Hayworth certainly locked up the support of the Mesa Red Mountain Tea Party. But over the past few months he has declined from being a serious challenger to little more than a punching bag, limping through the final month of the campaign. Indeed, it speaks volumes about the estrangement between McCain and the Arizona base of his party that Hayworth could ever, even briefly, have been considered more than marginal amusement. In what political universe does a defeated former Congressman seriously challenge a long-incumbent senator and former presidential candidate? Answer: one in which the incumbent, though barely tolerated by much of the party base, never had to face a serious challenge and could be automatically re-elected on a strictly partisan basis. McCain was the Republican guy, period, so he never really had to put out much effort to win.

Initially, Hayworth deftly capitalized on the insurgent impulse of the right, but time was his enemy. The longer the campaign went on, the more time he had to make a fool of himself. In 2006 he wrote a book, Whatever It Takes, proposing a moratorium even on legal immigration from Mexico. The book flopped, and later that year he was tossed from the House by a relatively low-profile Democratic underdog. McCain, for once, was being straight when one of his web videos branded Hayworth one of the "dumbest" ever to have served in Congress; he was once voted the second-biggest "windbag" in Congress by The Washingtonian magazine. He took some $69,000 in contributions from convicted felon Jack Abramoff and his clients. (Hayworth claimed at the Tea Party meeting that criticism of his link to Abramoff was racist, because many of the Abramoff clients who donated to him were from Indian tribes.) During his campaign against McCain, Hayworth said that gay marriage could lead to bestiality and "you could marry your horse." In one speech he claimed the United States never declared war on Germany during World War II. One of his early endorsers, former Minuteman leader Chris Simcox, is currently on the lam, evading a restraining order for domestic violence. Hayworth's most vocal booster and constant sidekick, Maricopa County Sheriff Joe Arpaio (the self-declared "meanest sheriff in America"), is under federal scrutiny for possible abuse of authority. And the unearthing of the 2007 video of Hayworth fronting the con-job infomercial just about knocked him to the mat.
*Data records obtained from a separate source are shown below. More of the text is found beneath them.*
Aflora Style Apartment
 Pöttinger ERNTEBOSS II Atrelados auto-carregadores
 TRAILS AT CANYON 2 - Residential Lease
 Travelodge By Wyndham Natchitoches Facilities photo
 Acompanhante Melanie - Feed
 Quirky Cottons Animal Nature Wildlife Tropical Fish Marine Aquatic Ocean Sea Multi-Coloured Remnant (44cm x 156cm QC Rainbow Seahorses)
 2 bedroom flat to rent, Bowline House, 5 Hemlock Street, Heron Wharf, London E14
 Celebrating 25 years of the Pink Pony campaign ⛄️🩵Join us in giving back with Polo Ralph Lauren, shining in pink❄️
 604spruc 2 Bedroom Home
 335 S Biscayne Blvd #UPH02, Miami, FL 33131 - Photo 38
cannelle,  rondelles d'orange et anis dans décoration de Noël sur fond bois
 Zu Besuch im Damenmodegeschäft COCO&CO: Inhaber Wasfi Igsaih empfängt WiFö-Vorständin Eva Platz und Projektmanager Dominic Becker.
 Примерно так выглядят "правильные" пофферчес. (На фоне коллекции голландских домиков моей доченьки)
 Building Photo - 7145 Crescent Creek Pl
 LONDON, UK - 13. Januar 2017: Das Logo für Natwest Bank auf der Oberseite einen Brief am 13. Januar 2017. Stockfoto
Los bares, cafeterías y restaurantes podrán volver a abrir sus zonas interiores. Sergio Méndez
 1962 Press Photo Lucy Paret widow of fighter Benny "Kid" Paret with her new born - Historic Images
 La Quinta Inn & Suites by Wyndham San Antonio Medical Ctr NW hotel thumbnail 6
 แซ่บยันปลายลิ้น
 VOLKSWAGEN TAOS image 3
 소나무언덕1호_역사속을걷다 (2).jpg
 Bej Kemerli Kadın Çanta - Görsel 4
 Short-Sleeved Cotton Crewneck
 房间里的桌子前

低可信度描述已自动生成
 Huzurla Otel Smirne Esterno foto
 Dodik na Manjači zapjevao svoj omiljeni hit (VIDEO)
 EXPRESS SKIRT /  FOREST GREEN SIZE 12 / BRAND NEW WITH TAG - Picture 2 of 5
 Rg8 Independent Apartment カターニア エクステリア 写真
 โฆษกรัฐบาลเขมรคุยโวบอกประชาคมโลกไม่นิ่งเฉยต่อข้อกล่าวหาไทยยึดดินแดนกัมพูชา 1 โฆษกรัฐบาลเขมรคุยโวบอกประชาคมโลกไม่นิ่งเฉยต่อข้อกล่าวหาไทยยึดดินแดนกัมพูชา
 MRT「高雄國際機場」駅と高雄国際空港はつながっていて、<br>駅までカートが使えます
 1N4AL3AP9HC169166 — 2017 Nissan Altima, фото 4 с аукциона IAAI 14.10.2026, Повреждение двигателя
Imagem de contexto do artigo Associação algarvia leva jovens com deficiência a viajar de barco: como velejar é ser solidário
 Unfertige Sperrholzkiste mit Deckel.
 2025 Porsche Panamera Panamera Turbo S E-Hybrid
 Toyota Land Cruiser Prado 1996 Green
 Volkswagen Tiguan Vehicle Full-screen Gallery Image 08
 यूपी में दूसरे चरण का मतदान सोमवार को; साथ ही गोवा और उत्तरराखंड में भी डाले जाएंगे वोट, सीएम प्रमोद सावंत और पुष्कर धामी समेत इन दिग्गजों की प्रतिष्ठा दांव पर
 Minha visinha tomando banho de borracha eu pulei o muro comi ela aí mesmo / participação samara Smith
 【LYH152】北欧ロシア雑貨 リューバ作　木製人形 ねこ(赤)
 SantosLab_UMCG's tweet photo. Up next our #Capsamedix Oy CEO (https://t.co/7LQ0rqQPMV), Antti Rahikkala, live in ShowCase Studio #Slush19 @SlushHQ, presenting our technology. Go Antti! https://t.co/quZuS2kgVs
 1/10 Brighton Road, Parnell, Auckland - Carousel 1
If McCain had stuck to some of his more centrist positions, he probably would still have been able to beat Hayworth. "In tough economic times, bestiality can't be the heart of your platform," gloats one top McCain campaigner. True enough. But what sort of victory will McCain garner in what, most likely, is his last stand? Odds are he will retain his seat against whoever emerges from a weak and divided Democratic field. The political cost, however, will be incalculable. McCain blew through much of his moral capital as an independent thinker in his bitterly partisan 2008 campaign. Now he has become the mirror image of those on the GOP's far right who smeared him in the 2000 South Carolina presidential primary. On hardly a single issue of significance can daylight be found between McCain and a challenger always known as a buffoon. The only difference is that McCain is a much more skilled politician and no doubt a lot smarter than J.D. Hayworth. Once the latter is defeated, the only serious challenge McCain will face is grappling with the ghost of his past.